Preprocessing API Reference¶

This module provides comprehensive data preprocessing functions for spatial omics data analysis (proteomics and transcriptomics) in SPEX.

Functions¶

preprocess¶

preprocess(adata, scale_max=10, size_factor=None, do_QC=False)

Comprehensive preprocessing pipeline for AnnData objects.
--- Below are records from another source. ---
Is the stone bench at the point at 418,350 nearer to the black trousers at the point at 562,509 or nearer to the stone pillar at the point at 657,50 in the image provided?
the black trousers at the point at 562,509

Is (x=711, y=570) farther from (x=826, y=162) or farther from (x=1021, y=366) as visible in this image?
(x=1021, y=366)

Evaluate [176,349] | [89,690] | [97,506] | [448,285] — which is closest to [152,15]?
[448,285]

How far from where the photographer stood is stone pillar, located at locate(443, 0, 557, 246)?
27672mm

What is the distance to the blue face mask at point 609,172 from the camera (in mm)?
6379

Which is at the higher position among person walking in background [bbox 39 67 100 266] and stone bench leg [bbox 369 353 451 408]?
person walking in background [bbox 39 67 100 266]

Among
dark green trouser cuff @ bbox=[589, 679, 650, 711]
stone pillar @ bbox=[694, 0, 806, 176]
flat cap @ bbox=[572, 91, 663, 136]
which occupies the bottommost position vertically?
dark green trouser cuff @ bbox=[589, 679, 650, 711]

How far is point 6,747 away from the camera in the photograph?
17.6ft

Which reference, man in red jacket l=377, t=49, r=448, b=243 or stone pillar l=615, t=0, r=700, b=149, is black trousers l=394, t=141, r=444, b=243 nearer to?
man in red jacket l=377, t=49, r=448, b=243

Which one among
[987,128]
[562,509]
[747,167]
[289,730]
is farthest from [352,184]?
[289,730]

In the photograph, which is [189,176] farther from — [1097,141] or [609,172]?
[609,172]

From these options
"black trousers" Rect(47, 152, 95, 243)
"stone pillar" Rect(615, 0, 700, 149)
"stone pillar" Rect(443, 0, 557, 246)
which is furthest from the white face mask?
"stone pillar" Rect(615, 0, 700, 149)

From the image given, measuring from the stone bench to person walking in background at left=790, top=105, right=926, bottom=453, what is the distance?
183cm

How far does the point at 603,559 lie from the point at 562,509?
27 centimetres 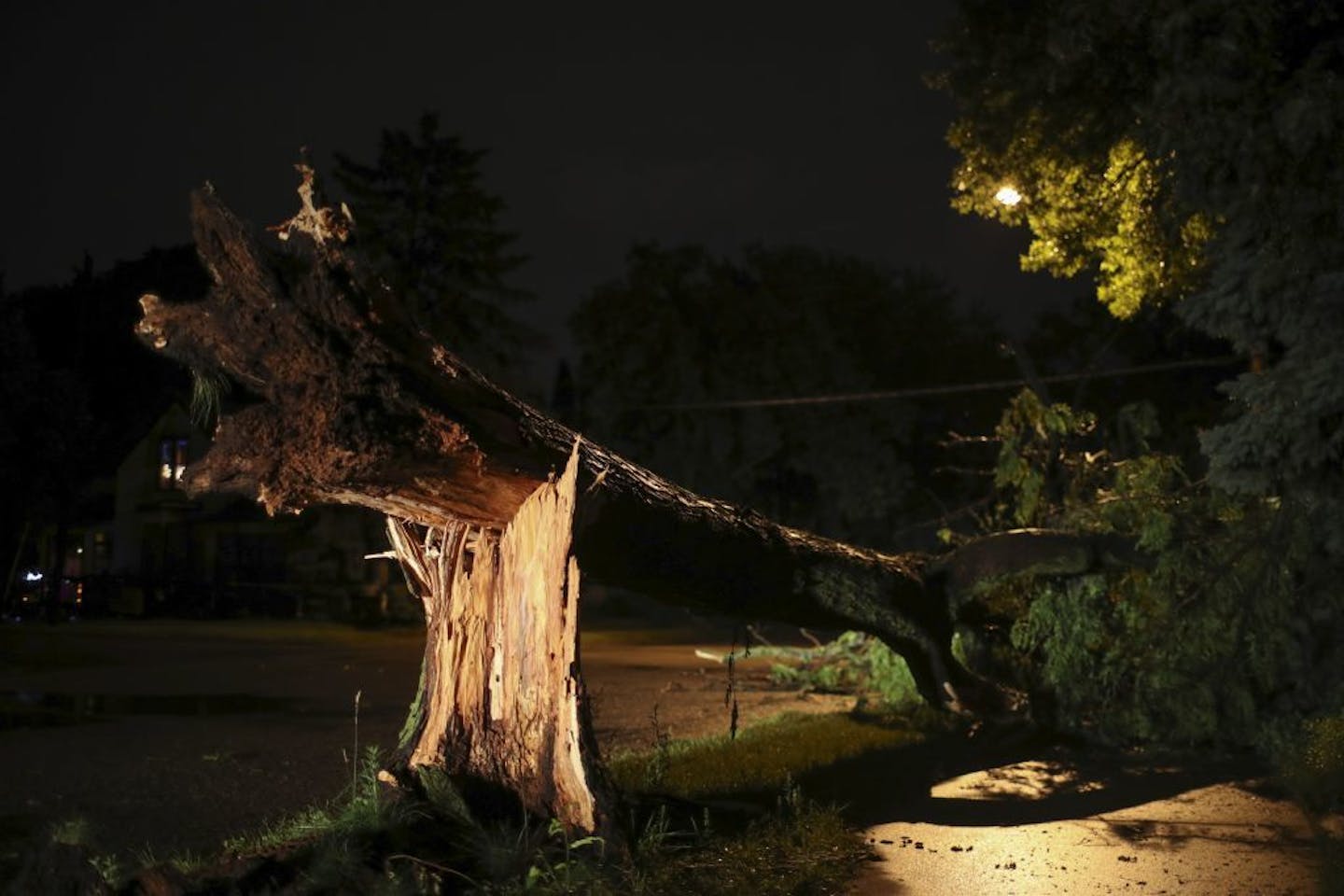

Performs quality control, normalization, feature selection, and scaling in a single function call.

Parameters:

Parameter	Type	Default	Description
`adata`	AnnData	-	AnnData object to preprocess
`scale_max`	float	10	Maximum value for scaling (clips larger values)
`size_factor`	float	None	Size factor for normalization. If None, uses median library size
`do_QC`	bool	False	Whether to perform quality control filtering

Returns:

Type	Description
AnnData	Preprocessed AnnData object

Notes:

The preprocessing pipeline includes the following steps:

Quality Control (if do_QC=True):
Filter cells with low gene counts using MAD threshold
Filter genes with low cell counts
Remove cells with low total counts
Normalization:
Calculate size factors (median library size if not provided)
Normalize total counts per cell
Apply log1p transformation
Feature Selection:
Identify highly variable genes
Account for batch effects if present
Scaling:
Z-transform data
Clip values to scale_max

Examples:

import spex as sp
import scanpy as sc

# Load data
adata = sc.read_h5ad("data.h5ad")

# Basic preprocessing
adata = sp.preprocess(adata)

# Preprocessing with quality control
adata = sp.preprocess(
    adata,
    scale_max=10,
    do_QC=True
)

# Custom size factor
adata = sp.preprocess(
    adata,
    size_factor=10000,
    do_QC=True
)

Storage:

Results are stored in the AnnData object: - adata.raw: Original data backup - adata.uns['prepro']: Preprocessing parameters - adata.var.highly_variable: Highly variable gene flags - adata.layers['counts']: Normalized count data

MAD_threshold¶

MAD_threshold(variable, ndevs=2.5)

Calculate threshold using Median Absolute Deviation (MAD).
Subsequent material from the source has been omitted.